Cradle Of Filth
Hammer Of The Witches
10th July 2015 – Nuclear Blast Records
01. Walpurgis Eve
02. Yours Immortally…
03. Enshrined in Crematoria
04. Deflowering the Maidenhead, Displeasuring the Goddess
05. Blackest Magick in Practice
06. The Monstrous Sabbat (Summoning the Coven)
07. Hammer of the Witches
08. Right Wing of the Garden Triptych
09. The Vampyre at My Side
10. Onward Christian Soldiers
11. Blooding the Hounds of Hell
Hammer of the Witches marks the eleventh outing for British extreme metal legends Cradle Of Filth. Since their first releases in the early nineties, the band have come a very long way, and with yet another new line up and another clutch of Lovecraftian tales to bemuse their audience, Cradle of Filth bring forth their Hammer of the Witches.

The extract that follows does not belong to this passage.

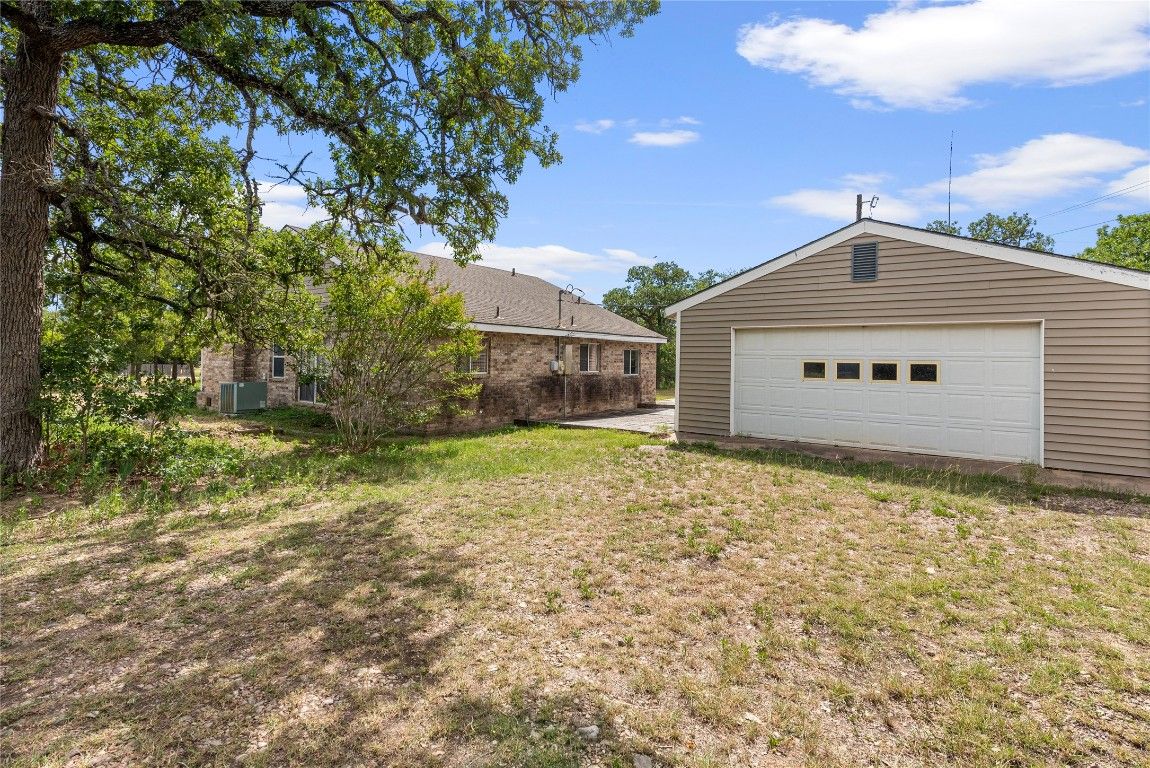 Backyard, Detached Garage, Exterior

Cradle’s recent output has been somewhat lacking for one reason or another, and they are aware of this. This latest effort promised a sharpened Cradle and a return to form. The stalking and grandiose intro to “Walpurgis Eve” would suggest that a good proportion of Thornography-era Cradle of Filth has returned to enthral angsty hot topic shoppers everywhere. “Yours Immortally” is a cracker of a track, however; its speedy pace and more restrained Dani Filth, paired with a dual guitar assault, means that although at times it feels like there’s too much going on, it has enough character and charm to carry it off.

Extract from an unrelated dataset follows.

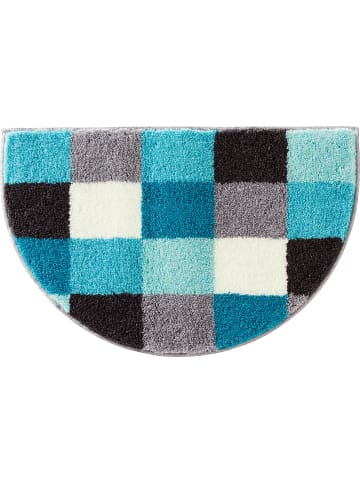 Erwin Müller Duschvorlage halbrund Kreta in türkis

This is contrasted entirely by tracks like “Enshrined In Crematoria” and “Blackest Magick In Practice”, which feel far more like filler than I’d like from this self-decreed renaissance. Fortunately things pick up dramatically by the time we reach “Right Wing Of The Garden Triptych”. This is as close to classic Cradle as Hammer Of The Witches really gets, but its larger than life, synth-led attack is bracing enough for you to forgive its misgivings.
“Onward Christian Soldiers” is the last real track on the album, and with it comes the standard antiireligious cliche expected from Cradle. Honestly, it shows an inherent lack of maturity in the song writing that I’d have hoped would have been lost by now. Thankfully “Blooding the Hounds of Hell” rounds out the album with instrumental intensity; a clutch of orchestra and a choir closing the curtains on this release.
Hammer Of The Witches isn’t a bad release, but it is Dani Filth going through the motions with another gang of session musicians with nothing new to say. It is still very much Cradle of Filth, and fans with unwavering loyalty to the band are going to lap it up as another work of genius – but it’s fair to say that the age is starting to show on this unchanging approach to extreme metal, and it’s most noticeable in the vocals of Dani himself. They lack the punch they once had, and his over excessive use of that high-pitched squeal has him sounding less like a stalking vampire bat and more like an over boiled whistling kettle.